In connection with "Peter Pan" is a curious and tragic coincidence. Of all the Barrie plays that Charles produced he loved "Peter Pan" the best. Curiously enough, it was little Peter himself who gave him the cue for his now historic farewell as he stood on the sinking deck of the Lusitania.

At the end of one of the acts in "Peter Pan" the little boy says:

To die will be an awfully big adventure.

These words had always made a deep impression on Frohman. They came to his mind as he stood on that fateful deck and said:

Why fear death? It is the most beautiful adventure in life.

Having made such an enormous success with "Peter Pan," Miss Adams now turned to her third boy's part. It was that of "Chicot, the Jester," John Raphael's adaptation of Miguel Zamaceis's play "The Jesters." This was a very delightful sort of Prince Charming play, fragile and artistic. The opposite part was played by Consuelo Bailey. It was a great triumph for Miss Adams, but not a very great financial success.

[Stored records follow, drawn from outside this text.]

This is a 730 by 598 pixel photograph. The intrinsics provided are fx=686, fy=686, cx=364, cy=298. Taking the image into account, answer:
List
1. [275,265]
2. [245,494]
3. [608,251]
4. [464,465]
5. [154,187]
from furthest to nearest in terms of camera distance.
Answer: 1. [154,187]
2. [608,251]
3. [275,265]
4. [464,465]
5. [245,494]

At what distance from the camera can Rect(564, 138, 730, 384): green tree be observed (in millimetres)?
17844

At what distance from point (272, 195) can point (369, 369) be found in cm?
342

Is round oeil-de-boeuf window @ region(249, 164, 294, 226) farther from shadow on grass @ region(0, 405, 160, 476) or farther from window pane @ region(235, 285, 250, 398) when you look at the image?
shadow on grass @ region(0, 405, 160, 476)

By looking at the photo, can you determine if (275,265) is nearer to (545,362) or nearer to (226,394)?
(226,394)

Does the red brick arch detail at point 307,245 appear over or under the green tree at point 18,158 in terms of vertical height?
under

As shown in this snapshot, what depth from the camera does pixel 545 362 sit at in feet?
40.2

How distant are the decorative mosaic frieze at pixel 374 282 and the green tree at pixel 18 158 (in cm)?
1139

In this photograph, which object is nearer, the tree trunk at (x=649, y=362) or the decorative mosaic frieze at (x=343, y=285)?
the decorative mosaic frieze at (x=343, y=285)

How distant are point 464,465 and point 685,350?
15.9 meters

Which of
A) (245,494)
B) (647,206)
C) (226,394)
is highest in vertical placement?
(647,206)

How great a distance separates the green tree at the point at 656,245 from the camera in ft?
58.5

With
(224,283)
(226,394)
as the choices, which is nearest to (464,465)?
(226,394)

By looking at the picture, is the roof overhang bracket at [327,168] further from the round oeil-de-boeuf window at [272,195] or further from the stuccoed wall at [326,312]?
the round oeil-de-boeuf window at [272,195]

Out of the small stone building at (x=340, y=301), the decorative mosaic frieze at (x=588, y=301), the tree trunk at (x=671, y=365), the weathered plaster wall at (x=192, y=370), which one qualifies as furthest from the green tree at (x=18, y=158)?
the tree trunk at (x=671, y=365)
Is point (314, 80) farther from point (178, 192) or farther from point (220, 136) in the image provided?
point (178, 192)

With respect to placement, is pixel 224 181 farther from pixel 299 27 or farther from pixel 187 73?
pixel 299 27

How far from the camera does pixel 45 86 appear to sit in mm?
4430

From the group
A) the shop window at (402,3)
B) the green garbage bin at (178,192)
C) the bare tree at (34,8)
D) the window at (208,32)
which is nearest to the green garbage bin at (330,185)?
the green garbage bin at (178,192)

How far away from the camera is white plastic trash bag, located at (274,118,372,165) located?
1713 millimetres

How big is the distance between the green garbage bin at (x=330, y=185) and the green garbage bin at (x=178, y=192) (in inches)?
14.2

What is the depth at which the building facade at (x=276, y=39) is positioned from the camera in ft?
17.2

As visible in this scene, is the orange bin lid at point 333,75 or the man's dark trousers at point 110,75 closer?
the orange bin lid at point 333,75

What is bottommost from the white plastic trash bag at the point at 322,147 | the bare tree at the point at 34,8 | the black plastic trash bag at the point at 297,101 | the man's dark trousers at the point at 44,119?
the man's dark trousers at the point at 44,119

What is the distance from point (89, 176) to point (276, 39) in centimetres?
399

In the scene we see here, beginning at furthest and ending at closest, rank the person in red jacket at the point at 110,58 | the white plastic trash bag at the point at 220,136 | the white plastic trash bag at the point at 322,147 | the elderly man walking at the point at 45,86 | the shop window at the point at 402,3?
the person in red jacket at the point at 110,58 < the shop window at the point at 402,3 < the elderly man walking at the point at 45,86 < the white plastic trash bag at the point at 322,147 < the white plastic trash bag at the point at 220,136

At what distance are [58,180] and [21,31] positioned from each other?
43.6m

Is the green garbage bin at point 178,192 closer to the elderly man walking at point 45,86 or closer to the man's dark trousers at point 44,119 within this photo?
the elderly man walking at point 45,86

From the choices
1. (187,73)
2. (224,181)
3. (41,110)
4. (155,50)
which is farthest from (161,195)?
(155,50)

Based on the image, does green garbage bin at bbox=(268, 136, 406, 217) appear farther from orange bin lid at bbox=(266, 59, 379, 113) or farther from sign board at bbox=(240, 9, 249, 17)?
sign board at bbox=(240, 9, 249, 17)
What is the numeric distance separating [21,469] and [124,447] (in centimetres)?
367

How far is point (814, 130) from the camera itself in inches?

Now came the first of her open-air performances. During the season of "The Jesters" she appeared at Yale and Harvard as Viola in "Twelfth Night." She gave a charming and graceful performance of the rôle.

But Maude Adams could not linger long from the lure that was Barrie's. After what amounted to the failure of "The Jesters" she turned to her fourth Barrie play, which proved to be a triumph.

For over a year Barrie had been at work on a play for her. It came forth in his whimsical satire, "What Every Woman Knows." Afterward, in speaking of this play, he said that he had written it because "there was a Maude Adams in the world." Then he added, "I could see her dancing through every page of my manuscript."